Implementing Higher-Quality Retrieval
In November 2023 several researchers, including graph expert Dean Allemang, published A Benchmark to Understand the Role of Knowledge Graphs on Large Language Model’s Accuracy for Question Answering on Enterprise SQL Databases. This paper demonstrated, with academic rigor, that incorporating knowledge graphs into a RAG architecture could dramatically increase its accuracy. While this is an initial benchmark, it is a significant step towards demonstrating the power of graphs in RAG.
Ready for What’s Next
GenAI is one of the fastest-evolving technologies ever developed.

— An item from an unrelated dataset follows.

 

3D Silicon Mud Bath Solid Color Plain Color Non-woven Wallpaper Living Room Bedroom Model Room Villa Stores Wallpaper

Shortly after its launch, ChatGPT became the fastest-growing consumer application in history. My colleagues and I have seen this rapid growth in our conversations with customers and prospects as well. Initially conversations started with “how are you thinking about GenAI?” and then quickly shifted to “what can you help us implement with GenAI today?” Now, many of the conversations focus on “what is coming next [in GenAI] and how can you help us implement it?”

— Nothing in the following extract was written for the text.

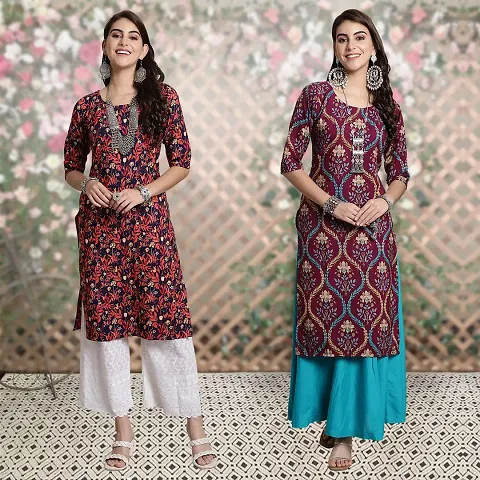 Stylish Crepe Self Pattern Straight Kurtis - Pack Of 2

The “what is next?” conversation is critical because given the speed GenAI is advancing, “what is next?” may as well be today. Organizations that have been slow to adpot GenAI are already seeing that they are behind and need to catch up with competitors. I suspect “catching up with GenAI” will be a theme as 2024 operating plans and budgets are finalized.
From a database perspective, the critical question is not “will this database work with my GenAI app today?” As noted above, simple vector databases are adequate for current GenAI applications. The question organizations should be asking is “will this database be able to handle my GenAI application in three or six months?” It will be challenging enough for organizations to catch up with adopting GenAI. The last thing they will want is to migrate databases when they realize their application has more advanced requirements.
Retrieval Augmented Generation (RAG) is a perfect example of this. Vector databases are adequate for storing and matching top-N vectors for a query, but they are limited with logging conversations and providing visibility into the workings of the LLM. Additionally, implementing advanced RAG strategies will add complexity to both queries and logging, requiring a more sophisticated and flexible database (such as a graph).
Agents are also emerging as an application of GenAI that will introduce substantial benefits, but also complexity. Bill Gates recently wrote:
Agents are not only going to change how everyone interacts with computers. They’re also going to upend the software industry, bringing about the biggest revolution in computing since we went from typing commands to tapping on icons.
Logging the behavior of Agents as they perform tasks will be critical for visibility, understanding, and accountability as Agent enter production and begin making decisions with real-world impact.
Can Your Database Keep Up?
Graphs are everywhere, including in GenAI. Vector databases are having a moment for simple GenAI applications, but this may just be a moment. Almost every database is adding vector storage and search capabilities, and GenAI implementations are rapidly becoming more sophisticated. Organizations need to plan for “what’s next in GenAI” as if it were today, which means leveraging a database with far more capabilities than just vector storage and search. Graph databases like Neo4j can handle vector search today, but they will truly shine with what’s next in GenAI.